Investors suffering losses on their Wells Fargo investments are encouraged to contact the Law Offices of Howard G. Smith to discuss their legal rights in this class action at 888-638-4847 or by email to firstname.lastname@example.org.
On February 2, 2018, Wells Fargo entered into a consent order with the Board of Governors of the Federal Reserve System (the “FRS Consent Order”), committing to comply with directives regarding its governance and risk management policies.

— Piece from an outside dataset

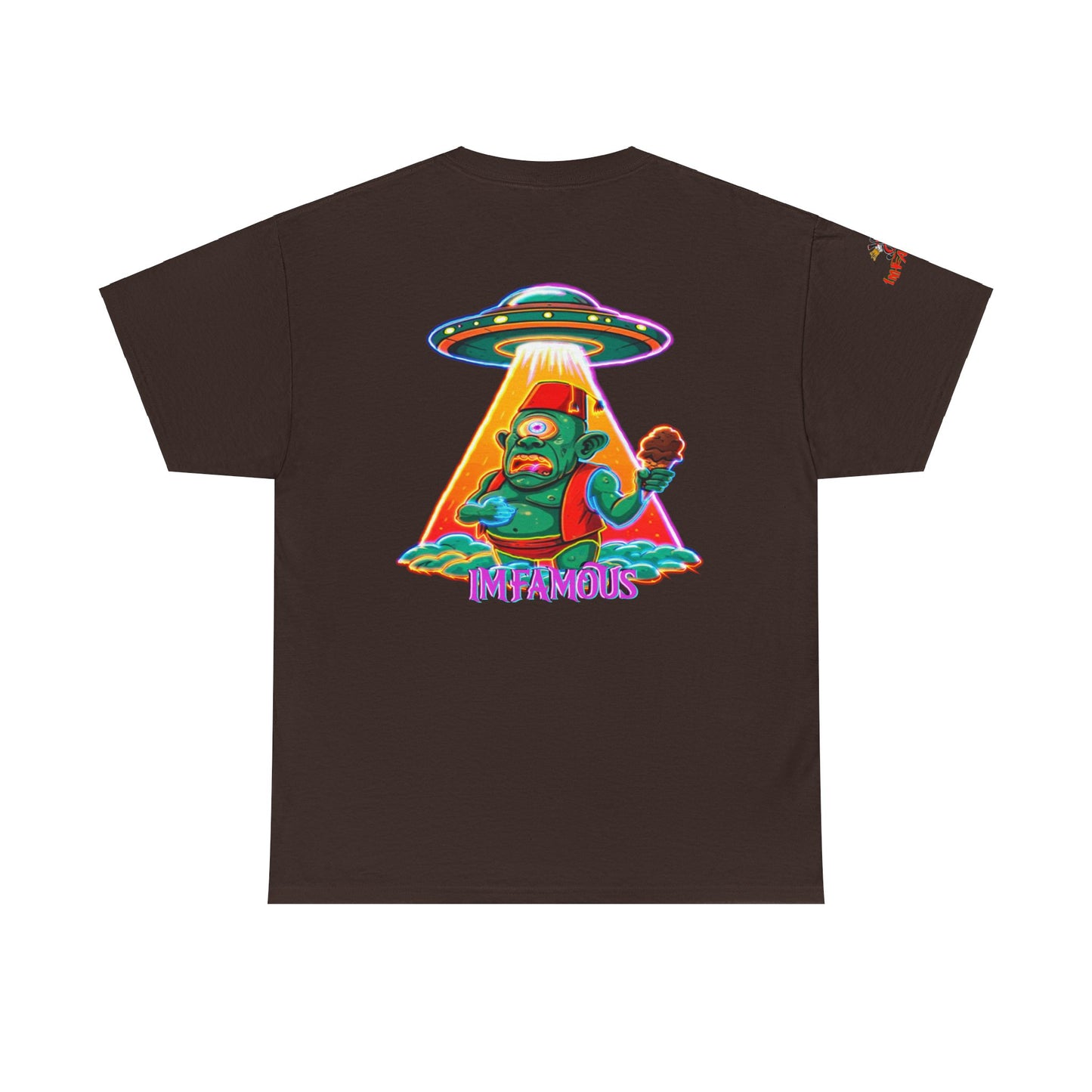 Camiseta gráfica con diseño de cíclope comiendo helado y extraterrestres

The FRS Consent Order was part of an enforcement action brought against the Company in connection with certain of its fraudulent practices.
Then, on March 4, 2020, a 113-page report revealed that Wells Fargo “fell woefully” short of implementing meaningful corporate reforms and that its risk and compliance policies remained dangerously inadequate to prevent another consumer fraud from occurring, thereby violating the FRS Consent Order.

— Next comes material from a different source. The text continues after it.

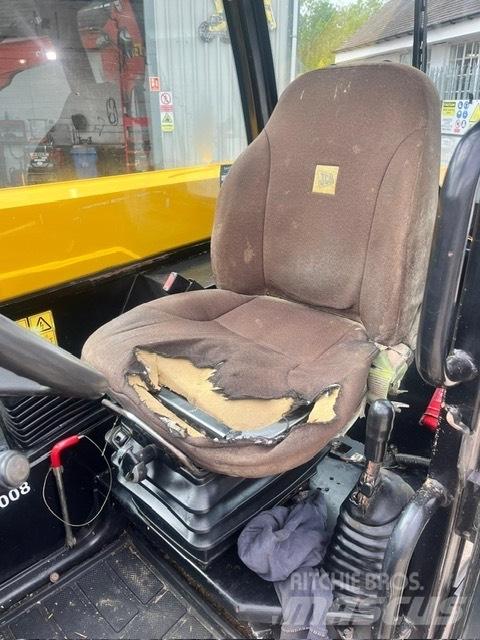 JCB 541-70 テレスコーピックハンドラー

On this news, the Company’s share price fell $2.50, or over 6%, to close at $38.90 on March 5, 2020.
Then, on March 10, 2020, the U.S. House Financial Services Committee Chairwoman Maxine Waters requested that the U.S. Department of Justice (“DOJ”) investigate the Company’s former CEO, for providing false statements in the context of his public testimony a year earlier, in March 2019, which directly related to Wells Fargo’s compliance with the FRS and OCC Consent Orders and its progress in developing and implementing effective and meaningful reforms.
On this news, the Company’s share price fell $2.75, or over 7%, to close at $32.33, thereby injuring investors.

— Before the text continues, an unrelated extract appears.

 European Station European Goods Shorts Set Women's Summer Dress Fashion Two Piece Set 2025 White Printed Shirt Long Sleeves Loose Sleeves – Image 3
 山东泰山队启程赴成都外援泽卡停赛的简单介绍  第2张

The complaint alleges that throughout the Class Period, defendants made false and/or misleading statements and/or failed to disclose: (1) that Wells Fargo had inadequate disclosure controls and procedures and internal controls over financial reporting, particularly with respect to its risk and compliance management, policies and programs; (2) that the Company was not compliant with the regulatory consent orders entered into in 2018; (3) that the Company’s remedial plans were inadequate, incomplete, and insufficient to prevent from future consumer abuses; (4) that as a result of the continued noncompliance with the regulatory consent orders, the Company was threatened with supervisory and/or enforcement actions and penalties; (5) that the Company’s remedial measures and risk and compliance management remained inadequate to protect against consumer fraud; (6) as a result of the foregoing, Defendants’ positive statements about the Company’s business, operations, and prospects were materially misleading and/or lacked a reasonable basis and omitted materials facts.
If you purchased Wells Fargo securities, have information or would like to learn more about these claims, or have any questions concerning this announcement or your rights or interests with respect to these matters, please contact Howard G. Smith, Esquire, of Law Offices of Howard G. Smith, 3070 Bristol Pike, Suite 112, Bensalem, Pennsylvania 19020 by telephone at (215) 638-4847, toll-free at (888) 638-4847, or by email to email@example.com, or visit our website at www.howardsmithlaw.com.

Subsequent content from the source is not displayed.